Imagine being an artist in 2040. You wake up, hop onto the work tablet, and you are paid to upload creative inputs into the Machine Learning backplane, so that various automations can use automated metrics from audience testing to learn what the next big product is going to be. You can't prove part of you is in the next movie, but deep down, you hope you were. The Company gives you a digitally signed token for your Boost-Resume, a sort of C.V. for artists that indicates a statistically likelihood your art was involved with a successful financial venture. At .065 yours is impressive and almost guarantees you a spot at any hourly wage backplane creative input "Art Unit Engineer", your official title. At Thanksgivings and Christmases, you can impress small children by slowly and poorly recreating their favorite franchises, although you do it less and less as their optics are increasingly monitored by automation for various infringements. Fortunately, you won't get in trouble, per se - merely docked in your paycheck with a realtime license fee for your ketchup and napkin doodles.

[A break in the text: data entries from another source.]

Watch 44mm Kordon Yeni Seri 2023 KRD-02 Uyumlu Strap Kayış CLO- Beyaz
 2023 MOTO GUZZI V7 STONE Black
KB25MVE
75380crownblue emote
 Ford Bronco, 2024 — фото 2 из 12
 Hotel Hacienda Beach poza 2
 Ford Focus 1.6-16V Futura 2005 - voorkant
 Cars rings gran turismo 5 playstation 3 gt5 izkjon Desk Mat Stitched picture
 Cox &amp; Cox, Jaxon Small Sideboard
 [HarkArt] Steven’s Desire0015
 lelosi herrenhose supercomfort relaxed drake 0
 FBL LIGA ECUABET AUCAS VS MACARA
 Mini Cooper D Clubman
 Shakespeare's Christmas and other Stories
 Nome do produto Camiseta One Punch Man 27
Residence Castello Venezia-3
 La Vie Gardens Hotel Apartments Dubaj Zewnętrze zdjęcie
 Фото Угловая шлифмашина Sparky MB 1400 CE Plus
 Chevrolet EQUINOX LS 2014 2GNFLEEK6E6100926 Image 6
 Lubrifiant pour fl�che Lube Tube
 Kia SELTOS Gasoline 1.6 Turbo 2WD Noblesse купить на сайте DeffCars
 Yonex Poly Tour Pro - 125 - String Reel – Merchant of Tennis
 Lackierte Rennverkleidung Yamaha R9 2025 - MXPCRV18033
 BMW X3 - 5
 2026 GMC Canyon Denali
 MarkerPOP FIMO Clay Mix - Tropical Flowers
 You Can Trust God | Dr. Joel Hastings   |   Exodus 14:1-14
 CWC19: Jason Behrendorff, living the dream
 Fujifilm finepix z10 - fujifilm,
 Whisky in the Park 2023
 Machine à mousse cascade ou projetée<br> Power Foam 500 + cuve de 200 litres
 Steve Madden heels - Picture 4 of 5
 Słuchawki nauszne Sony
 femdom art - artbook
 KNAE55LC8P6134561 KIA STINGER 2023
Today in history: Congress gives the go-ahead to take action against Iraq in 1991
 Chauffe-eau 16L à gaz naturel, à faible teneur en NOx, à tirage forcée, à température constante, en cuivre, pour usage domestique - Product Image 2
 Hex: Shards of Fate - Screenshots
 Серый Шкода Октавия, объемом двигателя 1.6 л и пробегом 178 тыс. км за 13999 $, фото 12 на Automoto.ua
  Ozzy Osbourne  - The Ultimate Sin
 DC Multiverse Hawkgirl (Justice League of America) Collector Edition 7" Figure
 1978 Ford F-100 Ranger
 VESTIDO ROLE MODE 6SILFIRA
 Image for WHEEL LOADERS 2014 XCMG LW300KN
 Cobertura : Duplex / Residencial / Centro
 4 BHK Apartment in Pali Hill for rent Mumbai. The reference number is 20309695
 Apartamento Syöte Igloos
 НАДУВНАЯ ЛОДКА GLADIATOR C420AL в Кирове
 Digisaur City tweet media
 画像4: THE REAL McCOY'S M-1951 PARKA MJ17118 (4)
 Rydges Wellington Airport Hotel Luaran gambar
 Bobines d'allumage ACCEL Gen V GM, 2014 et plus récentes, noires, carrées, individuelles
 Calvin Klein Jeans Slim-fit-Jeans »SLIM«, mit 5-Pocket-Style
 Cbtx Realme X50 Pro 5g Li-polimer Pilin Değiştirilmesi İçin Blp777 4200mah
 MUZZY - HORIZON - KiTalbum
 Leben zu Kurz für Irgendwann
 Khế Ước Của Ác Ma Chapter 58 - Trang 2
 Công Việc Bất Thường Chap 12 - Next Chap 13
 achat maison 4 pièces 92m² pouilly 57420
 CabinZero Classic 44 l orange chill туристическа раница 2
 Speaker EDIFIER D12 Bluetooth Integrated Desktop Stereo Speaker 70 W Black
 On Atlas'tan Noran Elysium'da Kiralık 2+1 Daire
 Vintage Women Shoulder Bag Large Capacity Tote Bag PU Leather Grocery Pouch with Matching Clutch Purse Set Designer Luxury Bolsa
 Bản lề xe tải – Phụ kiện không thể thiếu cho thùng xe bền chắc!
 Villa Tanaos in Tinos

Eye tracking and heart rate monitor determine when the feed is losing your interest and adjusts accordingly.
If it is a choose your own adventure movie, it wouldn't even need swipable trailers. It could just detect what part of the screen you looked at and push the story that way.
In the trailer Netflix released, you can SEE what they did with AI. Skip to 3:07. https://twitter.com/NetflixJP/status/1620357552025538561?ref...
First they input a pretty detailed hand drawn sketch. The AI turned the sketch into a rough approximation of detailed art, and then they iterated it a second time. Then they painted over the top, by hand, recompositing the elements in the process. (You can see the moon move.)
What happened here is somewhere in the realm of previz and rotoscoping. The AI fleshed out details in the previz, and then it was painted over. That is a perfect application of technology, without cutting out the humanity.
And yet the whole story is about "controversy." There is no analysis anywhere of the process. This feels a little more like a "proofreaders mad at spell check" moment in history. And it would appear that nobody participating in the discussion, watched the making of. What I see is a powerful tool that helped augment an artist. Visual effects is already a stressful race to the bottom industry. Tools and technology that make life easier and less stressful for creators should be applauded. This kind of democratization gives more people, (who cant afford teams) the ability to bring their ideas, dreams, visions, and creativity to life. There is plenty to be fearful of with the coming "everything is AI generated nonsense apocalypse, nothing is original anymore" but this isnt it.
The AI (+Human) part of the credits is weird tho.